Wirtschaftsordnung: „Tunnelblick“ auf die Soziale Marktwirtschaft
So viel Markt wie möglich, so viel Staat wie nötig – dieser Grundgedanke der Sozialen Marktwirtschaft ist in den Köpfen der Deutschen offenbar nicht sonderlich gut verankert. Das geht aus einer repräsentativen Umfrage des neuen Ifo-Ludwig-Erhard-Zentrums für Soziale Marktwirtschaft in Fürth hervor.
Anstatt die marktwirtschaftlich-freiheitliche Säule des Konzepts als Voraussetzung für sozialen Ausgleich durch den Staat zu sehen, betrachtet die Mehrheit der Deutschen beide Bestandteile demnach isoliert – mit Schlagseite auf das Soziale.
„Während 49 Prozent der Befragten bei dem Begriff an Fairness, Verteilung und soziale Absicherung denken, assoziieren 34 Prozent marktwirtschaftliche Prozesse“, heißt es in der Studie. Nur knapp ein Viertel der Befragten verbinde mit der Sozialen Marktwirtschaft sowohl soziale als auch wirtschaftliche Aspekte.

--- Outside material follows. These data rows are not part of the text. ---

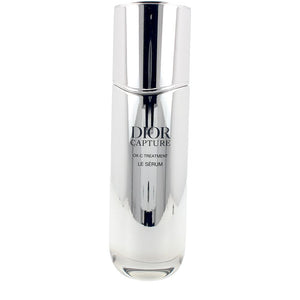 Dior Capture sérum 75 ml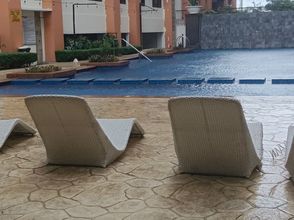 その他 4 Condotel near NAIA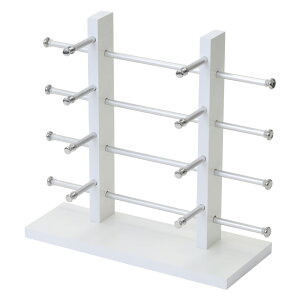 KlX^h TOXX^h ؐ  ዾX^h [ Kl TOX fBXvC RNV ߂˃X^h RN^[ CeA Klu [  ^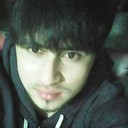  ,    Tadjik, 31 ,   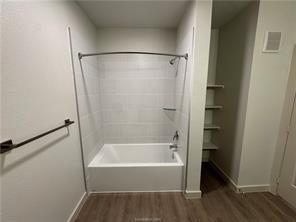 6000 Jones Road Unit: 4211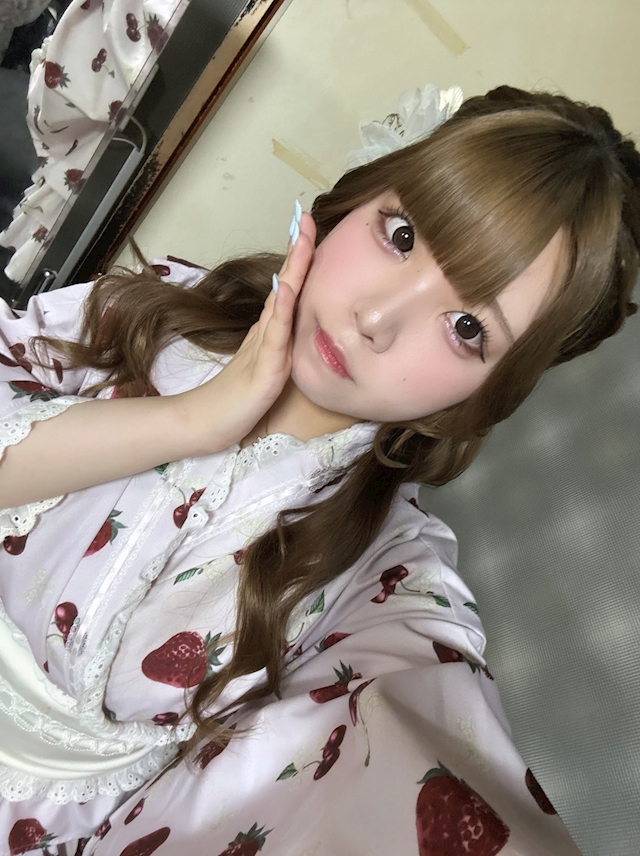 りさ
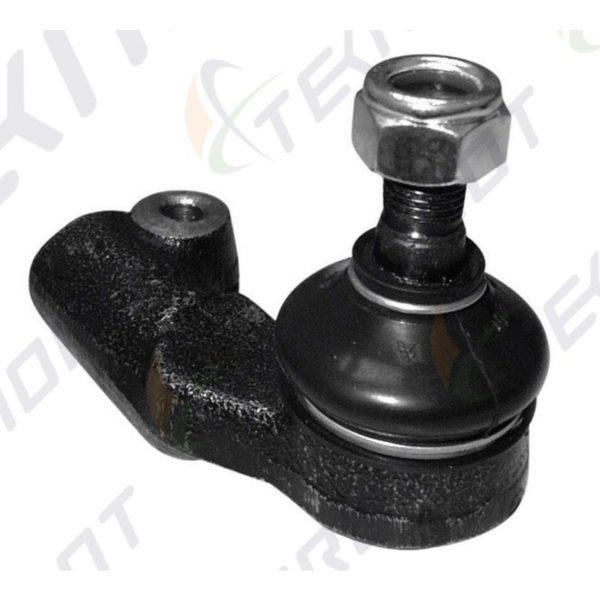 Right tie rod end Teknorot L-401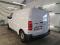 preview Peugeot Expert #1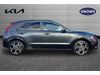 Kia Niro 1.6h GDi 4 DCT Euro 6 (s/s) 5dr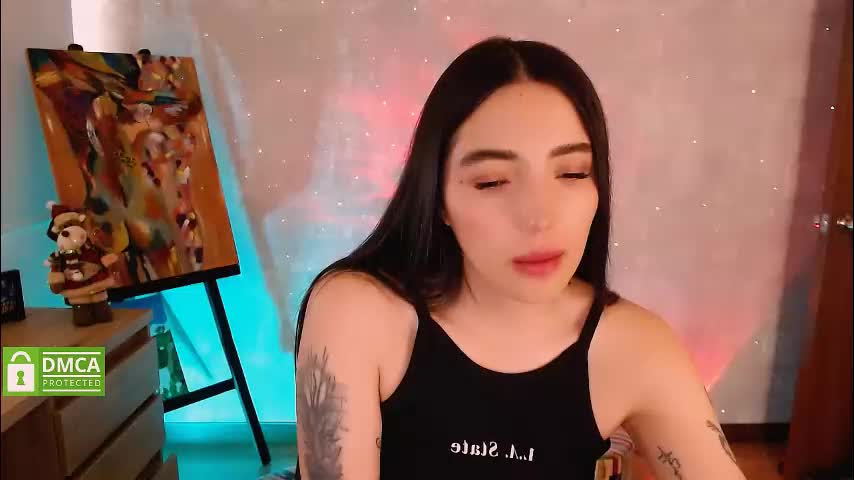 natval_ Adult Chat December 4, 2025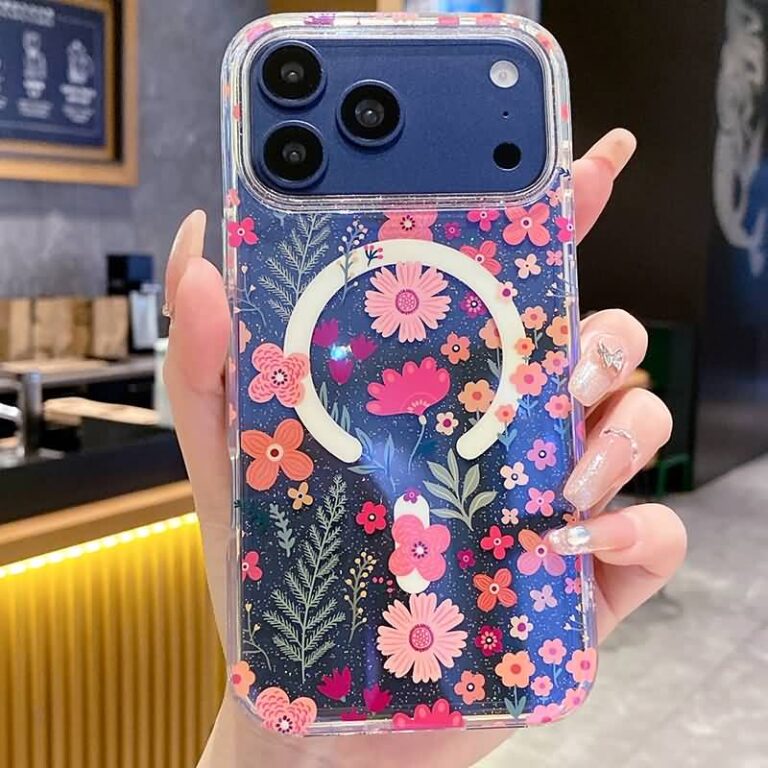 iPhone17 2in1 PC+TPU ケース magsafe対応ケース iPhone17ケース iPhone17pro ケース スマホケース
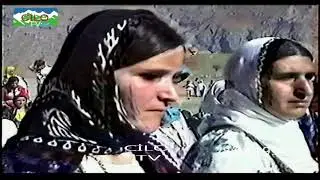 ABDULCEBAR DEMİR DÜĞÜNÜ 1994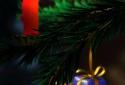 Christmas in HD Gyro 3D XL screenshot 11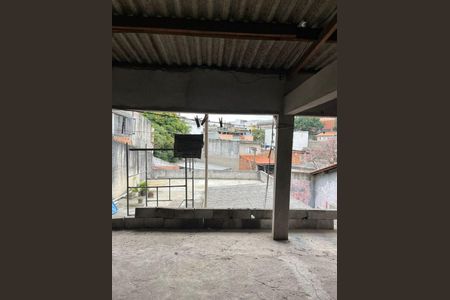 Casa à venda com 340m², 2 quartos e 2 vagas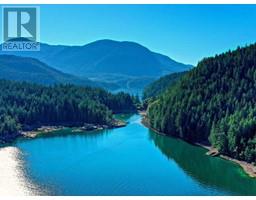 Portage Cove, Image 3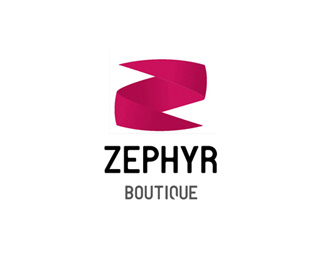 Zephyr boutique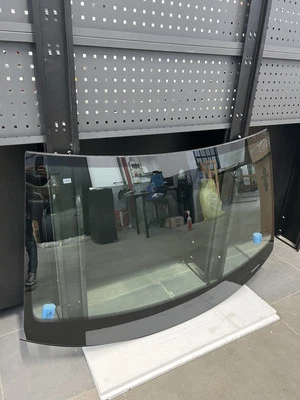 Parabrezza Volkswagen T-roc 2ga845011snvb - Imagen 1 de 4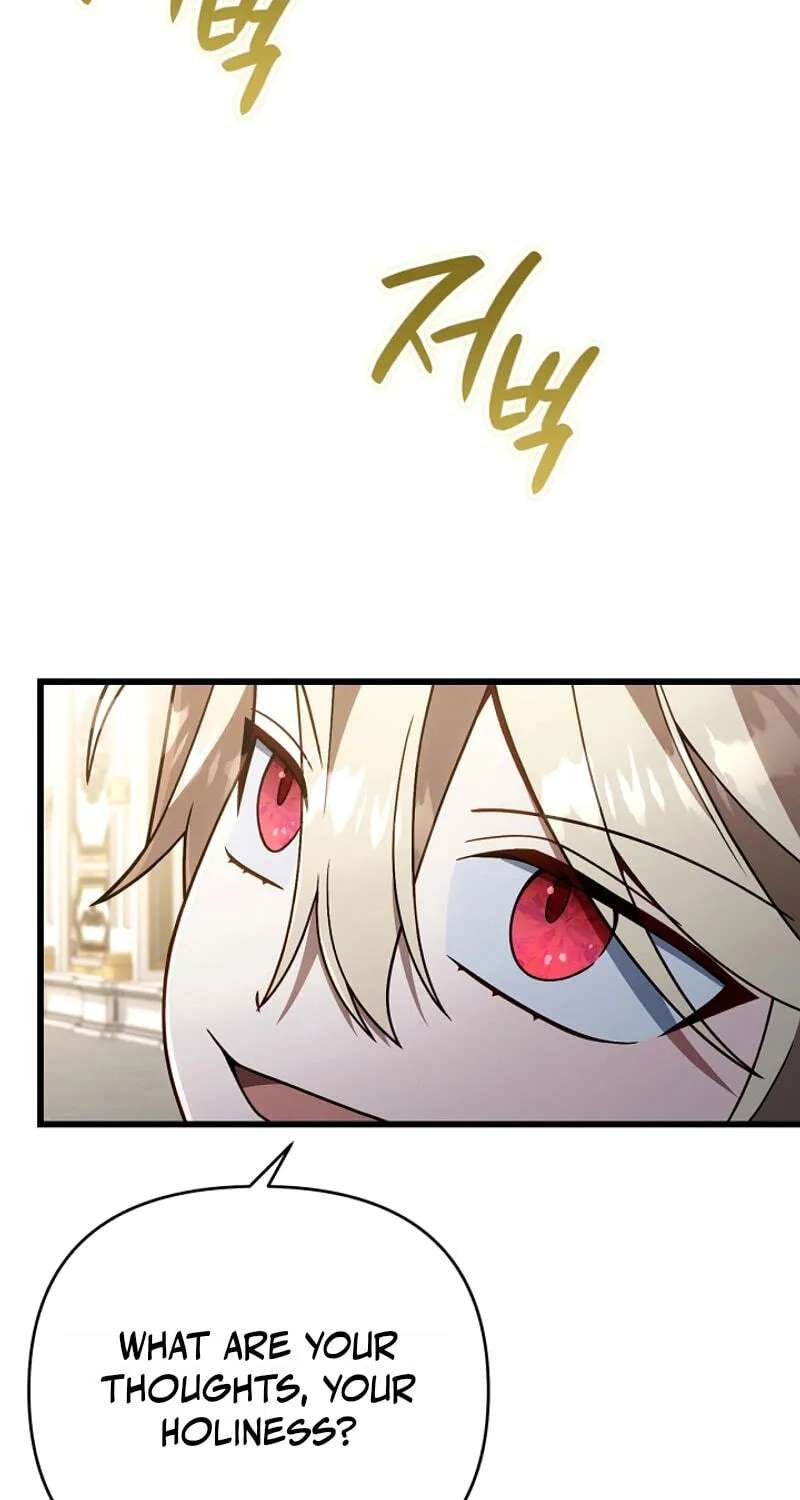 Holy Hella's Ultimate End Chapter 98 - page 37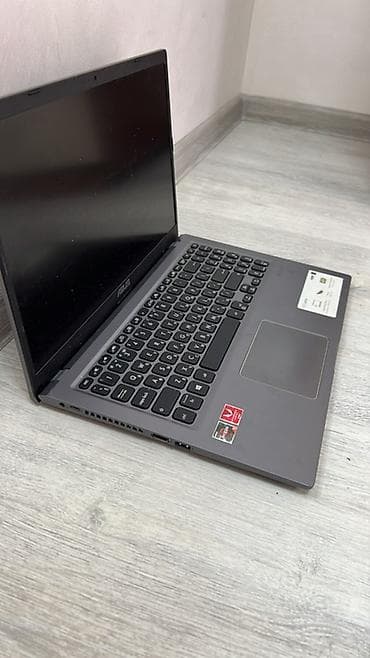 msi optix: Ноутбук ASUS 15.6" - Матрица 15.6", тонкие рамки, антибликовое — 2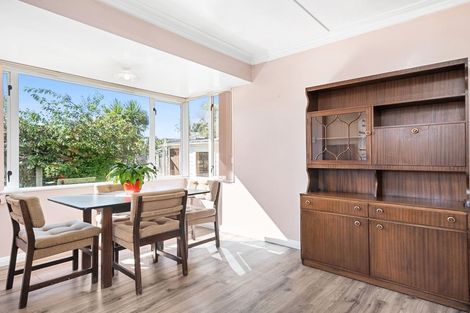 Photo of property in 10 Flower Street, Fairfield, Dunedin, 9018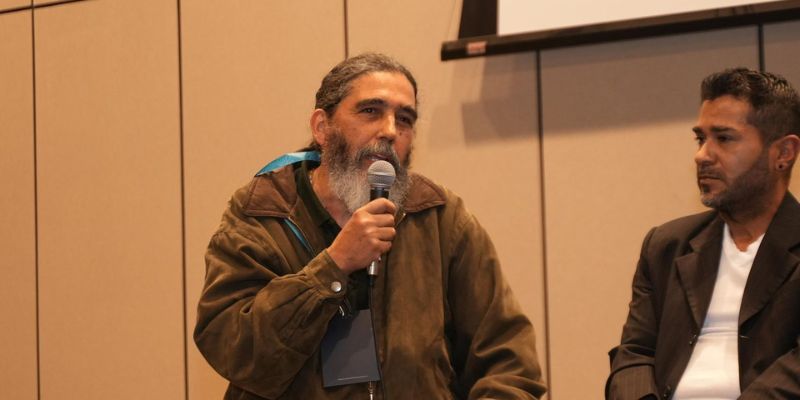 IDACO y CAR destacan liderazgo de la acción comunal en gestión ambiental durante la Cumbre Internacional de Sostenibilidad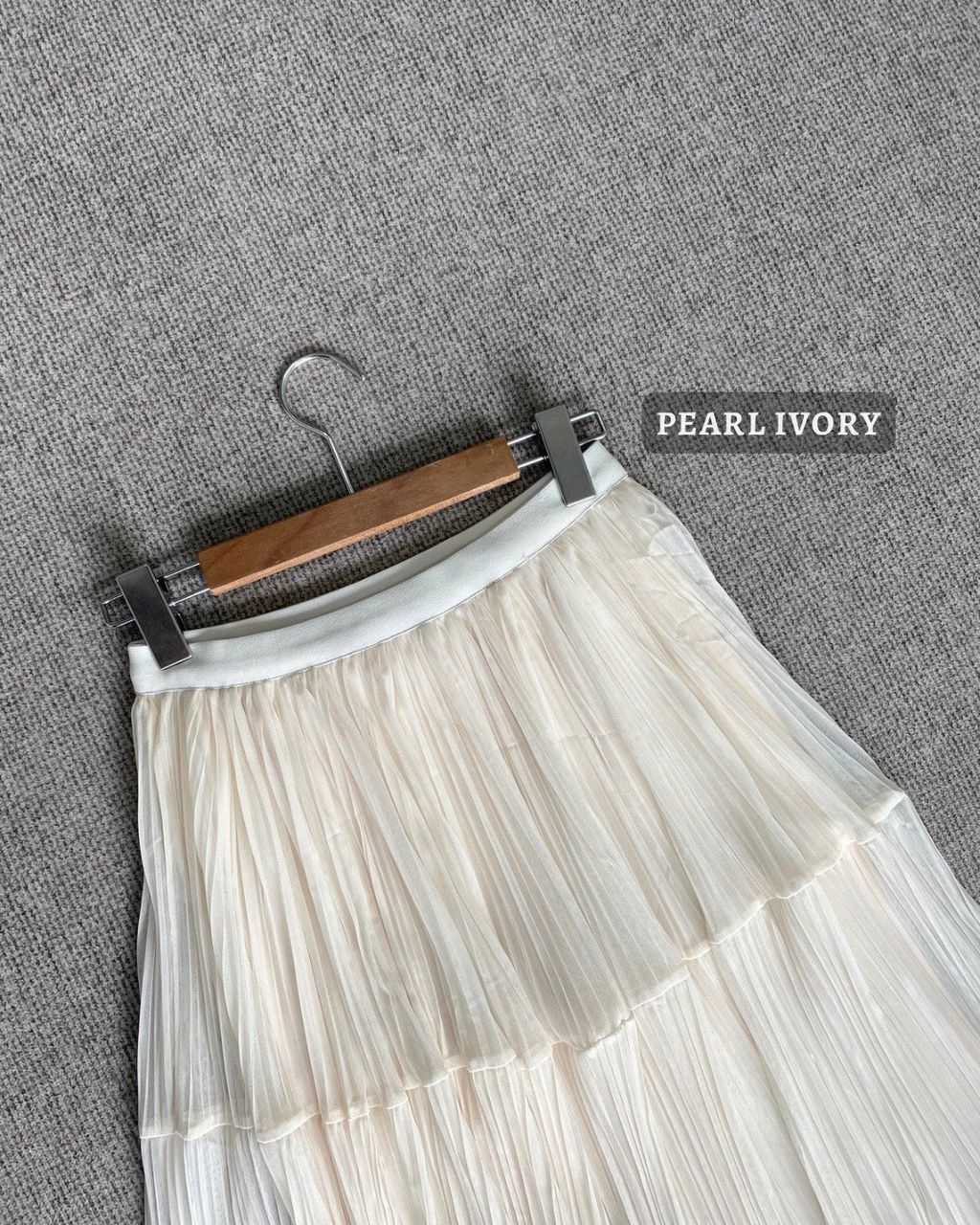 haura-wear-earla-mix-cotton-skirt-high-waist-cotton-long-pants-seluar-muslimah-seluar-perempuan-palazzo-pants-sluar-skirt (18)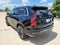 2027 Volvo XC90 B6 Plus 7-Seater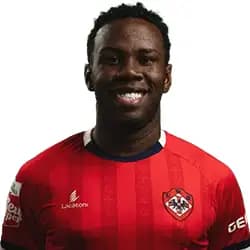Kleber Augusto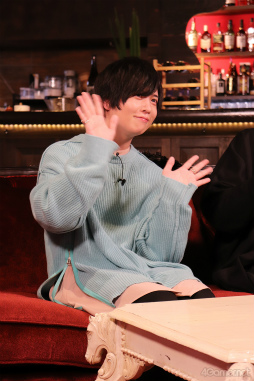 ꡼ No.001 | ֤󥹥ۿȡ֤P TRIP3ݡȡХɤդˡȡ夬ꡪ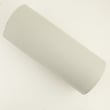 Kenmore Room Air Conditioner Exhaust Hose for Kenmore 40584106411 - Part 12100508000013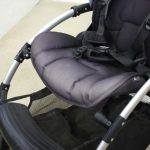 バガブー ビー5 Bugaboo Bee 5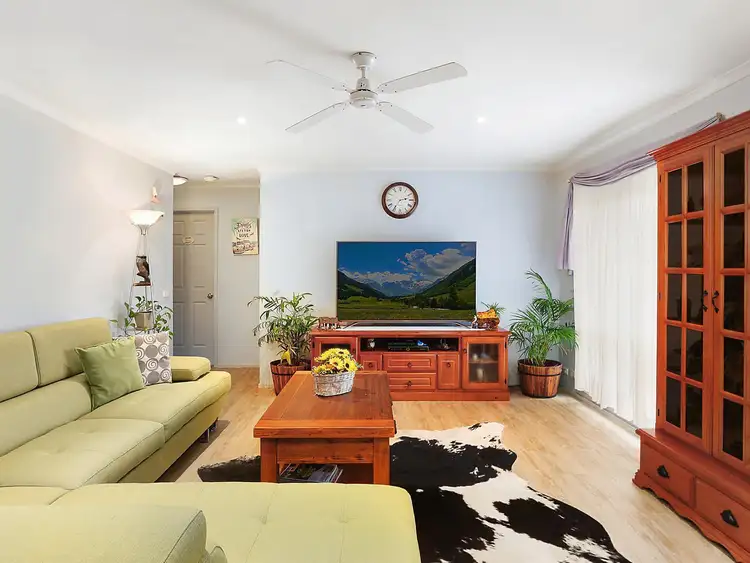 Third view of Homely house listing, 112 Hawthorne Road, Bargo NSW 2574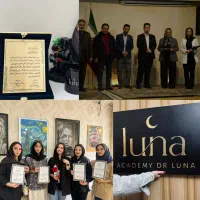 استخدام ادمین فروش و پاسخگویی(غیرحضوری)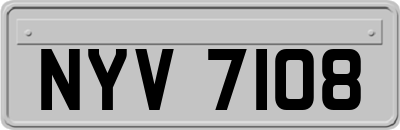 NYV7108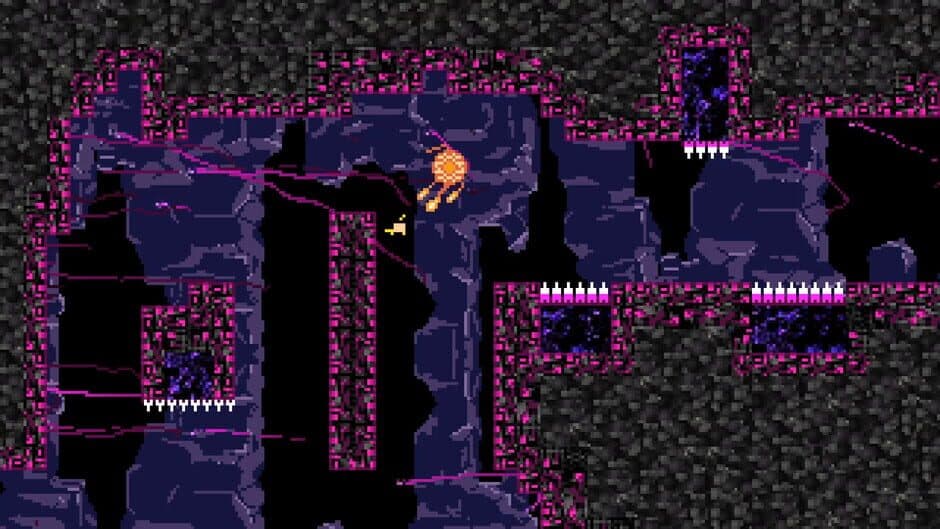 Dreamdasher screenshot 1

Die Autoren halten diesen Blick auf das Konzept, das insgesamt hohes Ansehen genieße, für problematisch. Denn je nachdem mit welchen Begriffen die Bürger ihre Wirtschaftsordnung verknüpfen, könnten deren Erwartungen durch politische Maßnahmen erfüllt oder aber verfehlt werden. „Werden diese Erwartungen durch die Politik systematisch nicht erfüllt, da zum Beispiel Politikerinnen und Politiker eine andere Assoziation mit der Ordnung der Sozialen Marktwirtschaft haben, sinkt die öffentliche Zustimmung zum System als Ganzes“, schreiben die Autoren.
Die Leiterin des Ifo-Zentrum, Sarah Necker, sagt: „Dieser Tunnelblick auf die Soziale Marktwirtschaft kann viele politische Entscheidungen erklären, die einen stärkeren Sozialstaat anstreben und dabei die Effekte auf die Wirtschaft außer Acht lassen, wie zum Beispiel die Anhebung des Mindestlohns auf 12 Euro.“
Auffällig ist in der Umfrage, die im Spätsommer erhoben wurde, dass ältere Befragte die originäre Idee der Sozialen Marktwirtschaft in stärkerem Maße verinnerlicht haben, sie assoziieren häufiger beide Aspekte mit dem Konzept.